◆ **WHAT TO PRODUCE**
Restate each line below word for word, skipping every picture.
##### DATASET EXCERPT
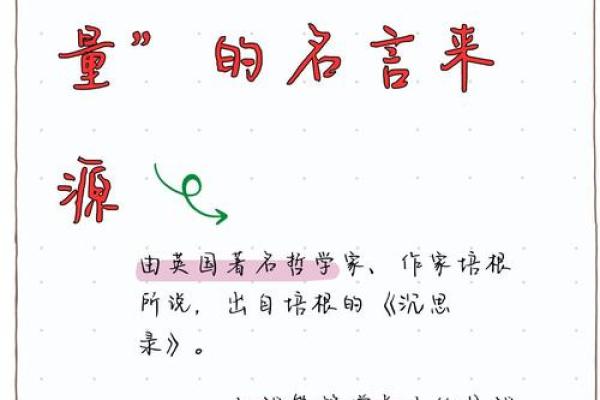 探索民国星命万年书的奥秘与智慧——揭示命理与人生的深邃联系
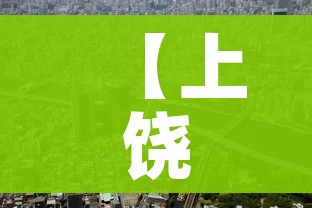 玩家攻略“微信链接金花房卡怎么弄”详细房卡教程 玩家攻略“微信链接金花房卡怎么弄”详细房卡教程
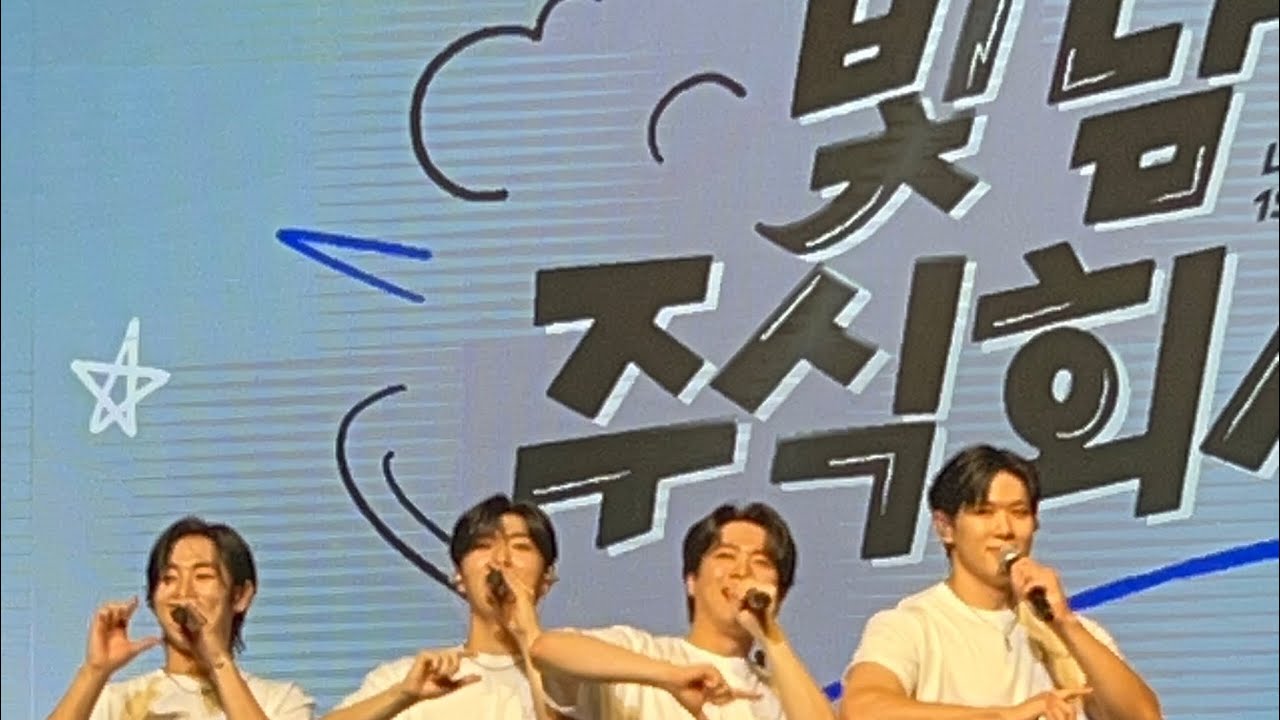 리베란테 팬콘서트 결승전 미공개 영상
##########
◆ **WRITTEN SOLUTION**
 探索民国星命万年书的奥秘与智慧——揭示命理与人生的深邃联系
 玩家攻略“微信链接金花房卡怎么弄”详细房卡教程 玩家攻略“微信链接金花房卡怎么弄”详细房卡教程
 리베란테 팬콘서트 결승전 미공개 영상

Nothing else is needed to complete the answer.